Wednesday, August 04, 2004

Only a Southerner Knows

My cousin sent me this. I've seen it before in many places on the Internet, but I want to enshrine it here.


Only A Southerner knows.......

  • Only a Southerner knows the difference between a hissy fit and a conniption fit, and that you don't "HAVE" them, you "PITCH" them.
  • Only a Southerner knows how many fish, collard greens, turnip greens, peas, beans, etc., make up "a mess of."
  • Only a Southerner can show or point out to you the general direction of "yonder."
  • Only a Southerner knows exactly how long "directly" is, as in: "Going to town, be back directly."
  • Even Southern babies know that "Gimme some sugar," is not a request for the white, granular sweet substance that sits in a pretty little bowl in the middle of the table.
  • All Southerners know exactly when "by and by" is. They might not use the term, but they know the concept well.
  • Only a Southerner knows instinctively that the best gesture of solace for a neighbor who's got trouble is a plate of hot fried chicken and a big bowl of cold potato salad. If the neighbor's trouble is a real crisis, they also know to add a large banana puddin!
  • Only Southerners grow up knowing the difference between "right near" and "a right far piece." They also know that "just down the road" can be 1 mile or 20.
  • Only a Southerner, both knows and understands, the difference between a redneck, a good ol' boy, and po' white trash.
  • No true Southerner would ever assume that the car with the flashing turn signal is actually going to make a turn.
  • A Southerner knows that "fixin" can be used as a noun, a verb, or anadverb.
  • We don't do "queues," we do "lines"; and when we're "in line," we talk to everybody!
  • Only Southerners make friends while standing in lines.
  • Put 100 Southerners in a room and half of them will discover they'rerelated, even if only by marriage.
  • Southerners know grits come from corn and how to eat them.
  • Every Southerner knows tomatoes with eggs, bacon, grits, and coffee are perfectly wonderful; that red eye gravy is also a breakfast food; and that fried green tomatoes are not a breakfast food.
  • When you hear someone say, "Well, I caught myself lookin'," you know you are in the presence of a genuine Southerner!
  • Only true Southerners say "sweet tea" and "sweet milk." Sweet tea indicates the need for sugar and lots of it -- we do not like our tea unsweetened. "Sweet milk" means you don't want buttermilk.
  • And a true Southerner knows you don't scream obscenities at little old ladies who drive 30 MPH on the freeway.

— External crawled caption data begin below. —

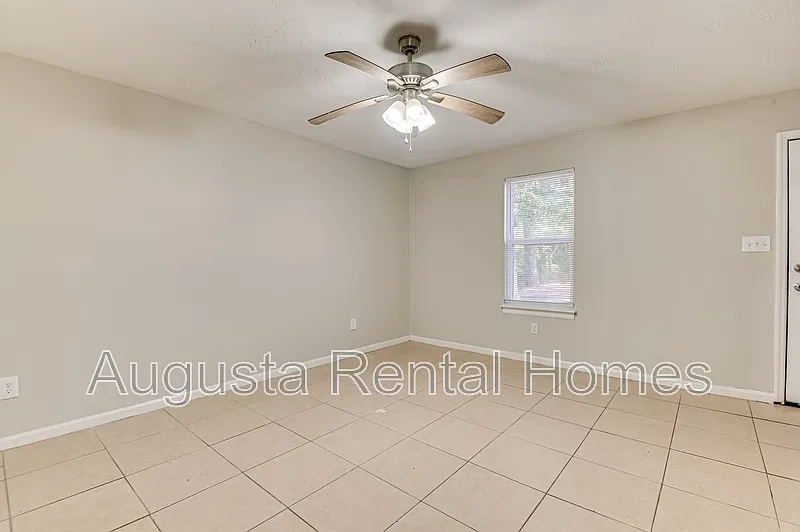 140 Chalet North Ct — Photo 3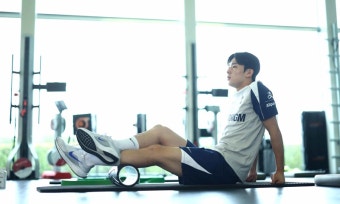 양민혁, 토트넘 컴백! QPR 임대 마치고 ‘홋스퍼 웨이’서 엄지척···손흥민은 아직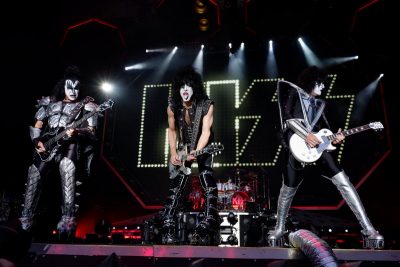 Kiss впервые выступили в Киеве: яркие фото с прощального концерта легендарных рокеров
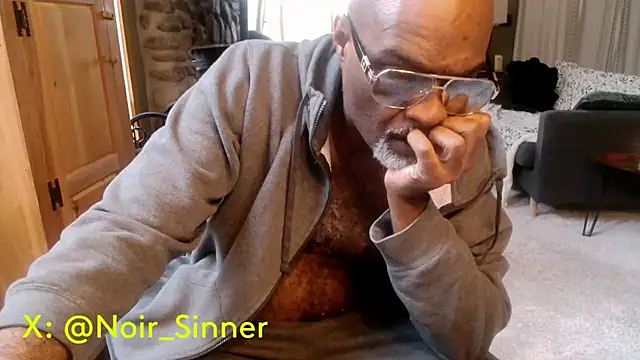 sinnernoir élő XXX-chatje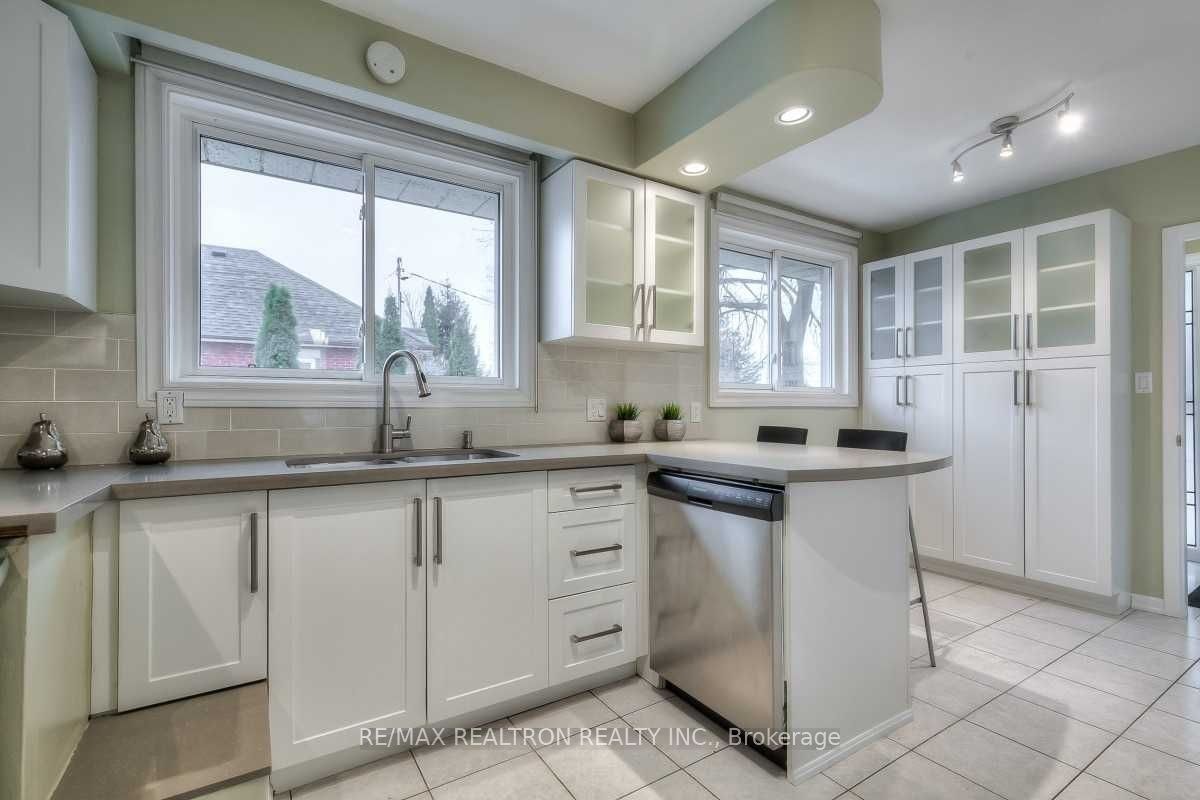 101 Dunelm Street, Toronto, ON, M1J 3G3 - 8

You just say, "Bless her heart," and go your own way.
  • To those of you who're still a little embarrassed by your Southerness: Take two tent revivals and a dose of sausage gravy and call me in the morning. Bless your heart! And to those of you who are still having a hard time understanding all this Southern stuff, bless your hearts, I hear they are fixin' to have classes on Southernness as a second language! And for those that are not from the South but have lived here for a long time, ya'll need a sign to hang on ya'lls front porch that reads "I aint from the South but I got here as fast as I could."

    Bless your hearts, and ya'll have a blessed day.


    2 comments:

    Gunner said...

    Once I called for a friend to "come here and take a gander at this." Well he was from the south like I so he understood what I said.
    Two others gave me the strangest look and asked what I asked. I had to explain that "Gander" meant "Look". I just have to say Missouri is not South.

    The Freeholder said...

    One of my favorites is "after bit". I got this from my Granny. Another is "dreckly" ("directly", if you're a stickler for spelling). Also from Granny. The first is roughly analogous to "after while", while the second is more like "after while, but soon".